Do you consider yourself a leader? Here is the opportunity to lead the conversation about mortality and planning with family and friends. While the subject matter itself  can be fraught with difficulty, having a platform from which to communicate will help.  Like having a neutral third party in the room, CheckOutPlan helps people and their families have those difficult

discussions with a guided process and pre-written letters that help you say the things you need to say and encourages responses from loved ones. Most people consider death with fear and concern… It’s only natural. What are their main concerns? Try to think about these concerns when you speaking to them about building your end-of-life plan.

  1. Know your audience
    When reaching out to let people know about your CheckOutPlan, include those closest in the conversation about end-of-life planning. Their initial reaction may be as simple as concern for your well-being, but assuring loved ones that this planning will help to support them in their time of need will help soften the message. As well, it may help to make your loved ones part of your plan. Give them an active role by including them on your team.
  2. Use the personal touch
    It’s often better to pick up the phone rather than email.

  3. Make notes first
    Write down the things you want to say before making that call.

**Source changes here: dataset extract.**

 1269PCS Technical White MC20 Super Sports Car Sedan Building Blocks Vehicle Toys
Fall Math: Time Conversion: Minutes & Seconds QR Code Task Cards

  4. Consider your words carefully
    If communicating by email, make sure to check your message before you hit send.

  5. Be brief, yet specific
    Avoid extra words/phrases wherever possible. Try to keep emotion out of conversations about your passing as much as is possible — Be warm and compassionate — but stick to the facts.

  6. Think before you speak
    If communicating by phone or in person, think before you speak and remain calm when discussing plans with family and friends. Smile. Be warm. Be kind and thoughtful. Its not an easy conversation but your calm and kind manner will set the tone for a productive discussion.

  7. You’re the boss
    Treating people with respect is essential. Be a leader, but show respect and try not to assume anyone’s reaction. Listen.

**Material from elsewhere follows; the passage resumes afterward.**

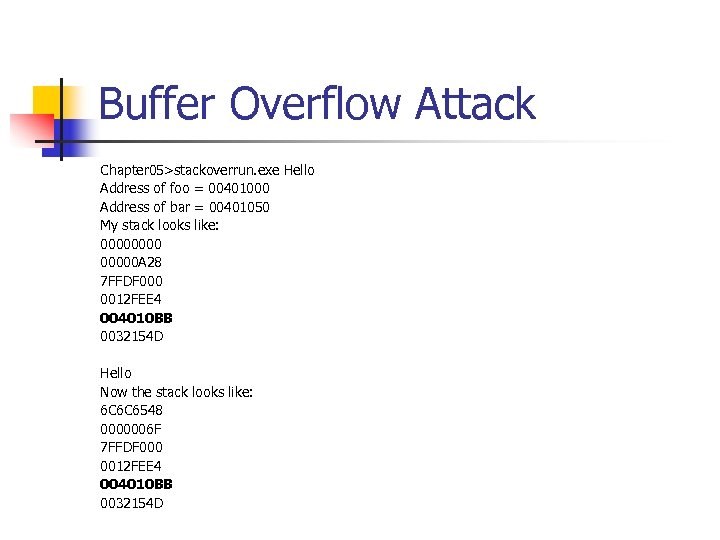 Buffer Overflow Attack Chapter 05>stackoverrun. exe Hello Address of foo = 00401000 Address of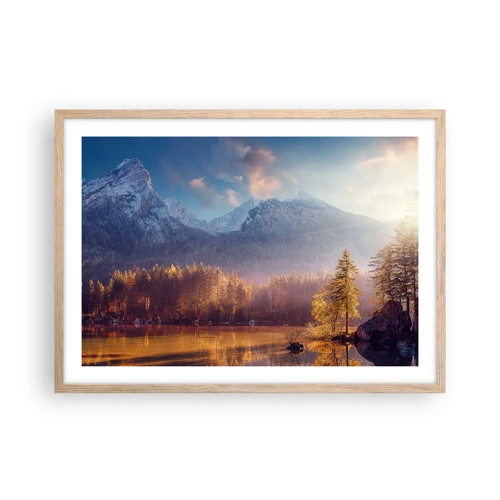 Poster in einem Rahmen aus heller Eiche - In den Bergen und Tälern - 70x50 cm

  8. A bit of humour helps
    In being proactive about your end-of-life planning, throwing in a bit of humour will make others feel more comfortable.

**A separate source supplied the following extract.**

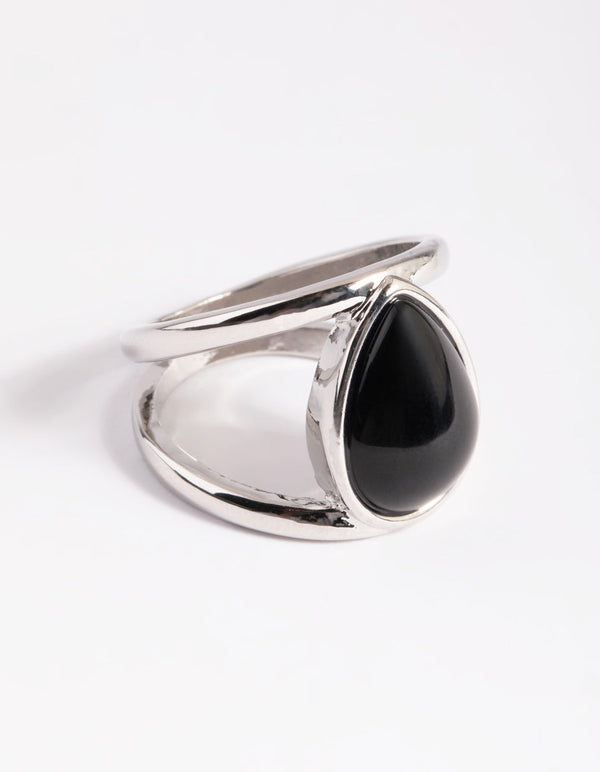 Rhodium Black Pear Stone Ring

  9. Be open and answer questions
    Welcome questions and listen, listen, listen to their concerns. Be ready with basic answers where possible.

  10. Consider the feelings and fears of your audience
    It is natural to fear death and and the unknown. Having “The Talk” and proactively planning your end-of-life events can provide a sense of control and therefore, calm. Rest easy knowing you have taken positive steps and helped your circle of friend and family to understand why and how.

Check-Out helps families plan their end-of-life events, store their memories and more. Discover how easy and rewarding it is to lead the conversation and planning about the other certainty. Tell your stories and build a plan that will support your family and friends when they need it most!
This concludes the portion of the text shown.